*WHAT THE EXERCISE ASKS*. Output the listing below verbatim, but drop the images.
++++ COLLECTED MATERIAL ++++
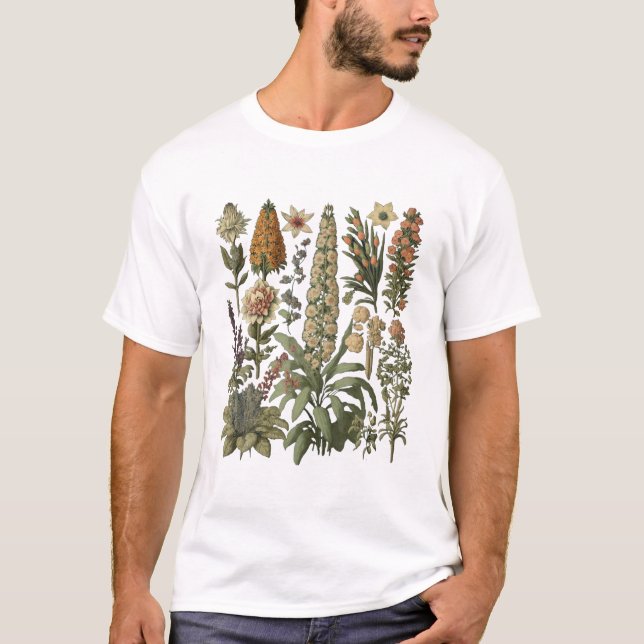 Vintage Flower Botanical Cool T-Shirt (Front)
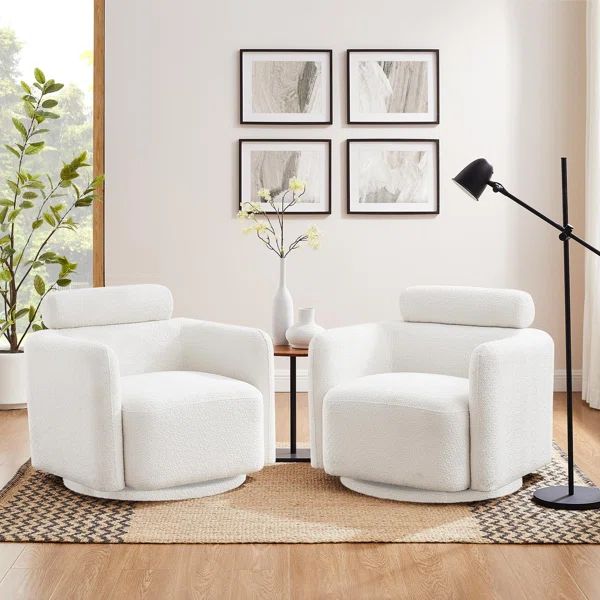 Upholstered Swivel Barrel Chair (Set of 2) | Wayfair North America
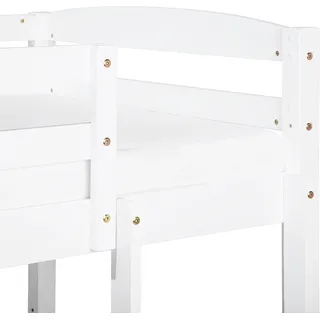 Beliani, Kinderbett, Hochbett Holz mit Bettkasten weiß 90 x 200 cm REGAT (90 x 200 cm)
++++
*ANSWER BELOW*.
 Vintage Flower Botanical Cool T-Shirt (Front)
 Upholstered Swivel Barrel Chair (Set of 2) | Wayfair North America
 Beliani, Kinderbett, Hochbett Holz mit Bettkasten weiß 90 x 200 cm REGAT (90 x 200 cm)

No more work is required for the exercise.